My goals were 1) to establish whether tadpoles exhibited consistent individual differences in behavior that can be easily measured, and 2) to determine how consistent their behavior remains as they grow from small to large tadpoles and then into frogs. My primary method was filming tadpoles in open-field trials, a standard class of behavioral measures in animal research. In general, an individual animal is placed in an open, empty environment and a variety of behaviors are measured. I focused on the distance moved in the open-field (which for tadpoles was a small plastic tub) and the amount of time they spent close to the walls of the open-field vs. in the central area. Distance moved was my attempt to measure a general personality trait known as exploration-avoidance: whether an animal shrinks away from a new stimulus or environment or whether they “explore” it. A tadpole plucked out of its familiar home environment can either explore this strange new tub (covering a lot of distance) or sit there and avoid all that novelty. The proportion of time spent in the center vs. the edge of the open-field was my measure of boldness-shyness: how risky an individual’s behavior is. A shy tadpole might be expected to remain close to the wall of the tub where it is presumably safe, while a bold tadpole should comfortably cruise around the wide open even though it is vulnerable to predators. Additionally, I also recorded the behavior of the tadpoles in their home enclosures, so that I could tell how much their behavior reflects being in a new environment (the open-field) and how much their behavior in the open-field is simply indicating their overall activity level (yet another personality trait).
I first tested this with a set of 8 bullfrog (Rana catesbeiana) tadpoles. While initially intended as a pilot test, the data was nice enough that we were able to publish it in Journal of Herpetology recently. Exploration varied clearly among individual tadpoles, with some evidence indicating that boldness might vary too.

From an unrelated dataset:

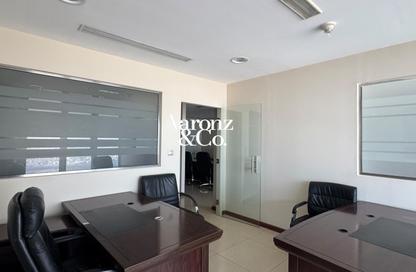 Office Space - Studio for rent in The Citadel Tower - Business Bay - Dubai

In the primary experiment following the bullfrog study, I kept 50 wood frog (Rana sylvatica) tadpoles in the lab from hatching until 6 weeks after turning into frogs. During this time, I performed the same trials as above, twice at three different tadpole stages and three frog stages. Unfortunately, I don’t have much to report yet as we are still going through the 100+ hours of footage of tadpoles and carefully documenting every little movement they make. Initial looks at the partial dataset suggests that some personality traits may remain consistent as the tadpoles turn into frogs, which is supported by another recent study that did something similar (but not the same) in a different frog species. This is a bit surprising, as you might think it would make the most sense to have personalities than “start over” when they turn into frogs. A certain personality type (e.g. being bold vs. being shy) could be advantageous in the aquatic environment of the tadpole and costly in the terrestrial realm of the frog, and the brain undergoes some significant rearrangement during metamorphosis. But apparently some personality traits lie deep within the individual, so to speak.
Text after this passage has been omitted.